* _RECORDS_
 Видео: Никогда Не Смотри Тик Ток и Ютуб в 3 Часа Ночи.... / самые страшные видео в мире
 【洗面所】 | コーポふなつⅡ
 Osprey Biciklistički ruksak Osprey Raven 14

* * *

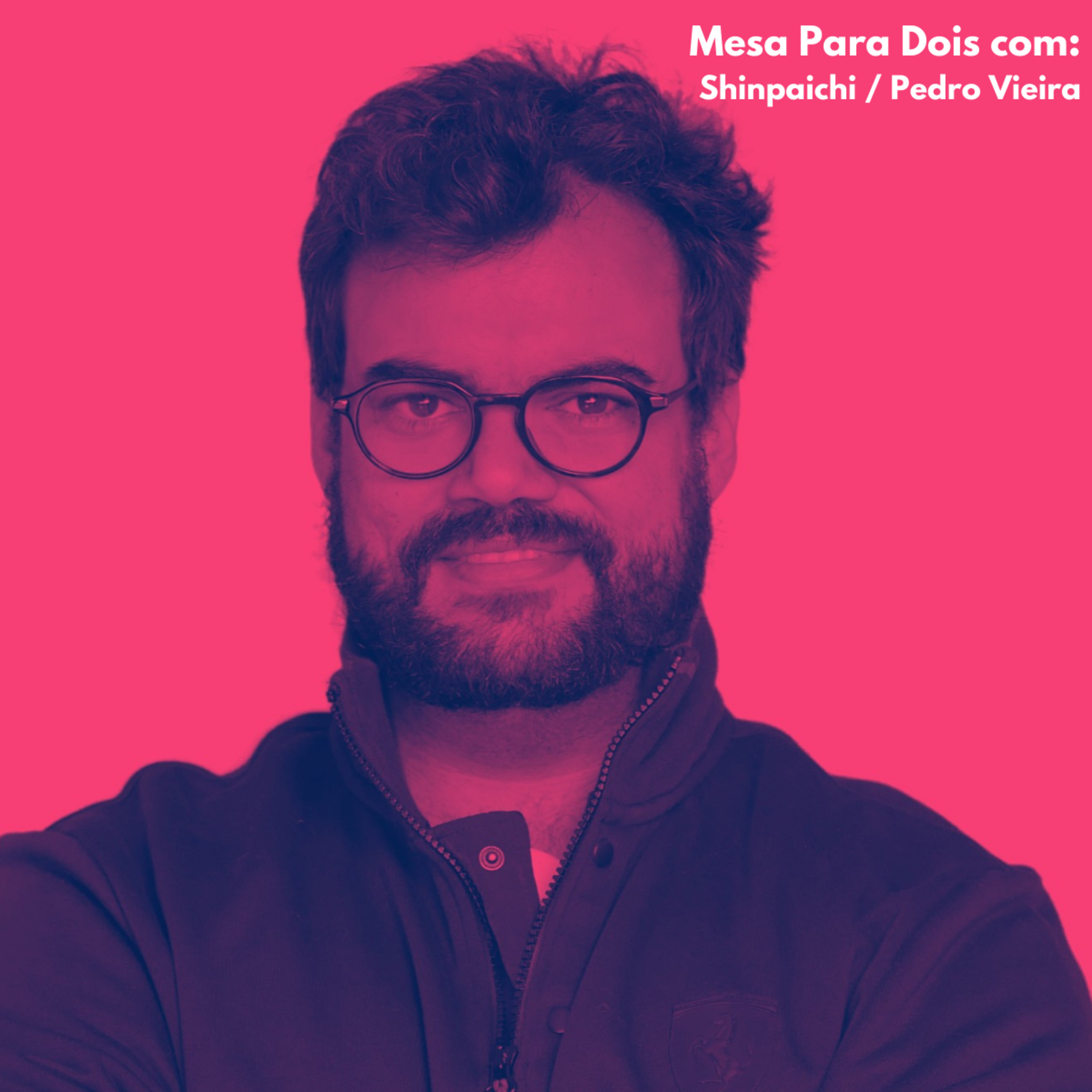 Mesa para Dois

--

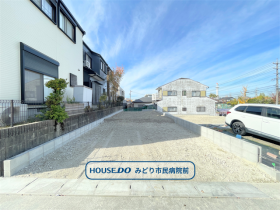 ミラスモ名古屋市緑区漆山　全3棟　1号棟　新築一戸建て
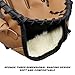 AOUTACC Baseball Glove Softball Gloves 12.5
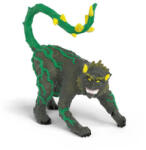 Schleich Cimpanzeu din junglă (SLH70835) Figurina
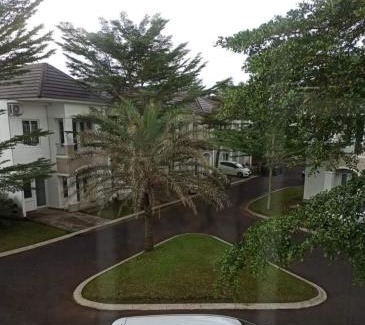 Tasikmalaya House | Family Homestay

* _EXERCISE_
Here the job is to copy the listing above word for word, starting at the line with "AOUTACC Baseball Glove Softball Gloves 12.5" and ending at the line with "Tasikmalaya House | Family Homestay", and to leave out the pictures.

* _YOUR SOLUTION_
 AOUTACC Baseball Glove Softball Gloves 12.5
 Schleich Cimpanzeu din junglă (SLH70835) Figurina
 Tasikmalaya House | Family Homestay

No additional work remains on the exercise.